Quando, un insospettabile moderato e famoso giornalista; come Gian Antonio Stella viene colto in flagrante a fare l'apologia del fascismo; con espliciti interrogativi colmi di rimpianti per quell'epoca in cui i soldi avanzavano agli amministratori, e gli ingegneri comunali erano più che sufficienti per progettare e realizzare opere, e questo accadeva anche nelle città d'arte come la serenissima Venezia! Allora occorre riflettere! Rispetto a tanta evidenza, non si può restare indifferenti. Anche perché i richiami alla classe dirigente attuale provengono da più parti, e facendo l'ennesimo confronto con quel passato non ancora passato, si scopre sempre la sconfitta di quell'Italia che nacque in quel famoso 2 giugno. Se poi il monito viene lanciato da Gian Antonio Stella, che non è una testa rasata, né un estremista di casapound, allora è necessaria una buona e sacrosanta pausa di riflessione, per richiamare su questi fatti, proprio i censori e i vari custodi della memoria. Auspicando che, ne facciano ammenda. Infatti, senza farne troppo mistero, l'autore del saggio “LA DERIVA”, già da tempo sorprende il grande pubblico, perché con quel suo modo di scavare nel passato del nostro paese, e quel ricordare che, l'Italia produceva eccellenze, e talvolta ci si ritrova a pensare che, queste erano figlie leggittime di quel fascismo che oggi rappresenta il tabù di molti intellettuali.

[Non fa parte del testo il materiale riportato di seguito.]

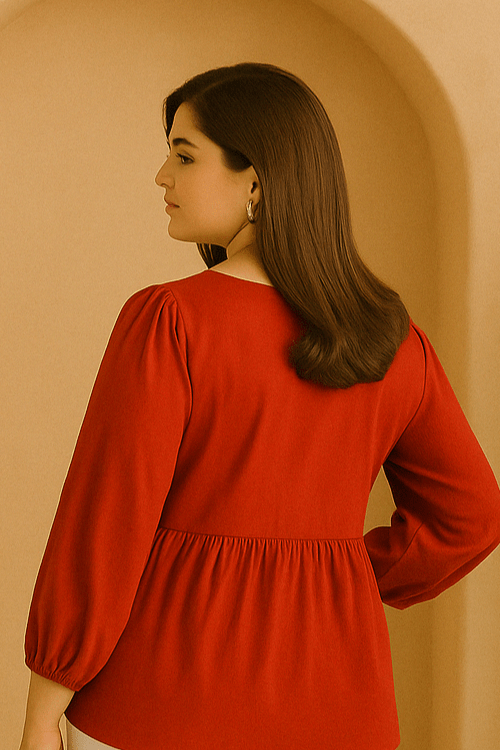 Savya Top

Considerato quanto appena detto, appare evidente che si porta il lettore a pensar male, molto male rispetto alla zona proibita che è stata costruita ad arte intorno a tale filosofia di vita (che prese in consegna un paese ancora profondamente diviso, e gli diede non pochi slanci d'orgoglio). Ma questo tabù è alimentato anche da pessime leggi, che vietano agli italiani di essere sé stessi, ragion per cui, in tutti questi anni non s'è riuscito ancora produrre nessun tipo di alternativa rispetto ai vari ritorni al passato.

Ecco, dunque il testo in questione tratto dal libro LA DERIVA

Eppure anche noi, un tempo, eravamo svelti. Un esempio proprio veneziano? Senza tornare al grandioso canale «sborador» scavato in soli 1592 giorni col badile e le carriole, da Porto Viro alla Sacca di Goro per dare nel 1604 un nuovo sbocco al Po, basta ricordare i tre ponti principali costruiti negli anni Trenta del Novecento dall'ingegnere capo del municipio Eugenio Miozzi. Mica un genio coccolato nei salotti di Parigi e di Manhattan: l'ingegnere comunale.

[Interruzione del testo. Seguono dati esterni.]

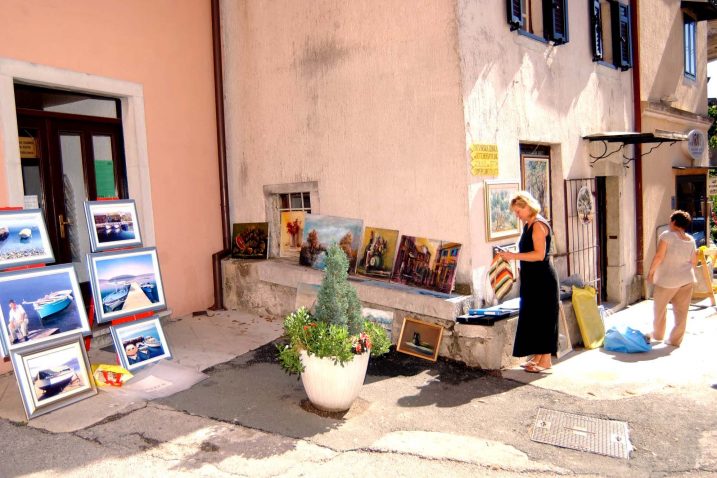 Foto: Livio Černjul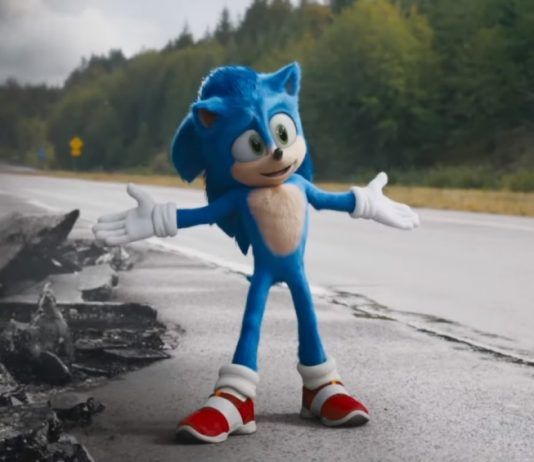¡Ya tenemos nuevo Sonic! Nuevo tráiler de la película con el rediseño del personaje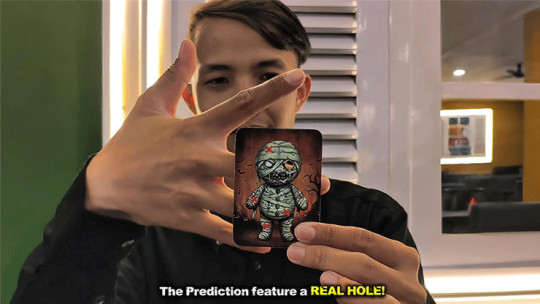Preview: Dead Shoot Zombie by Ma Arif and Esya G.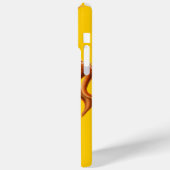 Octopus iPhone Case voor hem of haar (Achterkant / Links)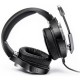 Наушники REAL-EL GDX-7780 Black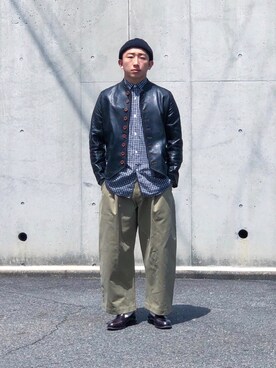 tk_heroさんのコーディネート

Sapete quanto impiegò per costruire il celeberrimo e lunghissimo Ponte della Libertà che solca la laguna, parallelo al ponte ferroviario edificato a metà Ottocento dagli austriaci, unendo la città serenissima alla terra ferma? Due anni scarsi: 657 giorni. E siccome verso la fine si accorse di avere speso meno di quanto gli avevano dato, decise di usare i soldi avanzati per costruire davanti alla stazione dei treni un nuovo ponte che scavalcasse il Canal Grande, quello degli scalzi. I lavori cominciarono nove giorni dopo l'inaugurazione da parte del Duce del collegamento translagunare: altri 542 giorni ed era pronto anche questo. E siccome verso la fine di questa seconda opera si accorse di nuovo di avere speso meno del previsto, decise di buttar giù il vecchio ponte di ferro dell'Accademia, che versava in condizioni pietose, per sostituirlo con uno provvisorio di legno. Abbattimento, rimozione dei detriti, costruzione del nuovo manufatto e inaugurazione: un mese. Un mese! E il ponte di legno, bellissimo, è ancora lì.

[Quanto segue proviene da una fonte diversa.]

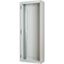 BPM-O-600/7-F Surface-mounted installation distribution board without door, IP55, HxWxD=760x600x270mm thumbnail 2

Al che ti domandi: che cosa si è rotto? Quando? Perché? Come mai a un certo punto tutto si è trasformato in progetti di progetti per fare nuovi progetti senza un colpo di piccone?



  • LA DERIVA, RIZZOLI – GIAN ANTONIO STELLA E SERGIO RIZZO – Pag.52



Cosa s'è rotto? Proprio nulla, giusto qualche dettaglio qua e là! Cosa rispondere al giornalista, che ha tutte le ragioni di questo mondo per lamentarsi di questa classe politica? Ma, in effetti, da quando manca la croce bianca sul tricolore, l'Italia, sembra aver preso la via della tangente, e questa via è ben protetta da apposite leggi che la tutelano da quelle pericolosissime persone oneste, a cui fa riferimento il Sig. Stella nel suo libro. Così una volta sistemati a dovere coloro che desiderassero riprendere “the right way” (la strada giusta), non ci resta altro che scegliere tra tipi sinistri e inclini al malaffare. E chiaramente gli esempi non mancano, anzi oserei puntualizzare dicendo che, l'abbondanza di malaffare sinistro è così grandemente palese, che in molti si chiedono come mai la penisola non è ancora sprofondata nel mare dei debiti che questi hanno contratto, e per i quali chiedono al popolo di pagare il conto. Dunque, siamo orfani, senza il nostro passato, e la nostra memoria è drogata da ideologie straniere che non ci appartengono. Siamo vittime di filosofi germanici, che tanto danno hanno recato al mondo intero.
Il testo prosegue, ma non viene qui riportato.